Don’t get me wrong. I agree with most of the content of Carrier’s criticism of Ehrman’s book. Ehrman has played it cool since then. His blog advisors have even counseled him to play it cool:

I think you [to Erhman] have two main choices at this point. . . . . .
The two choices are:

a) Admit error where the error has been pointed out and is plain to see. You can probably explain why you did not give this subject the attention it apparently demands. This will salvage what, from what I have read, is an ignominious work. Everybody makes mistakes. You admit error and everybody moves on. Most of these “facts” can be checked because information is much more accessible nowadays and is no longer the preserve of a few. Like those cases where you declare “no scholar…” Those are eggs. Eggs must not be allowed to sit on your face.

b) Allow your ego to check in and dig in like James McGrath and maintain that black is white and white is black, deploy abstruse obfuscation, muddy the waters, dangle red herrings, poison the well, attack personalities, impute malevolent motives to your opponents (this, alack, alas! you have already done), continue appealing to authority and further enlist the support of the no-true-scotsman-fallacy and other tactics that clarify nothing and fail to improve understanding of the subject and lose your reputation as you wade in this mud.
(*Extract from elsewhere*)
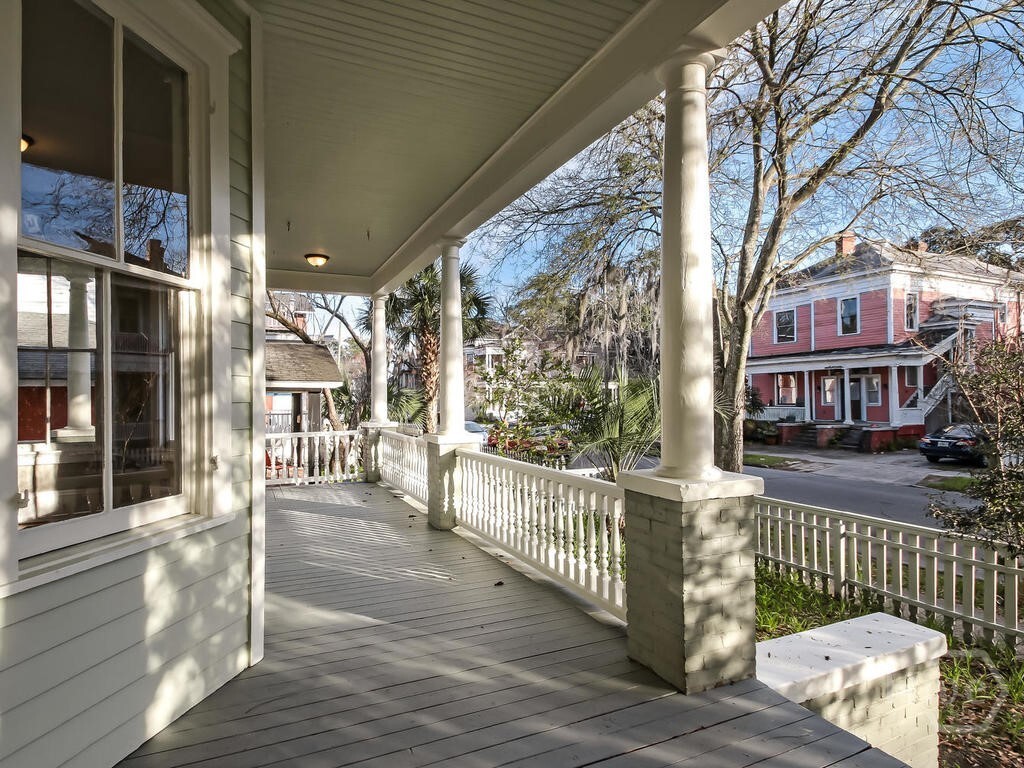 Property Photo:  208 W 35th Street  GA 31401 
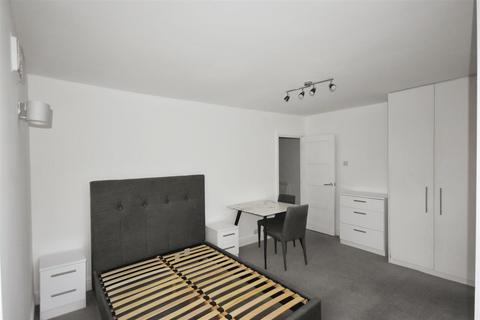 3 bedroom flat to rent, Manor Vale, Brentford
Amateurs like myself and experts alike are watching and waiting.
The choice is yours.

Bart Ehrman replied with a thanks for the advice and his fuller reply followed.

Now reading that “fuller reply” one can be charmed into forgetting the ad hominem attacks, the muddying of the waters, the falsehoods, of his book’s Introduction. This is a different Bart speaking here, and one that Bart no doubt hopes will deflect attention away from the faults of his book that Carrier partly exposed.

Now the game is for the hearts and minds.  If Ehrman is now seducing the hearts, it is up to mythicists to use the advantages of their superior arguments to win the minds.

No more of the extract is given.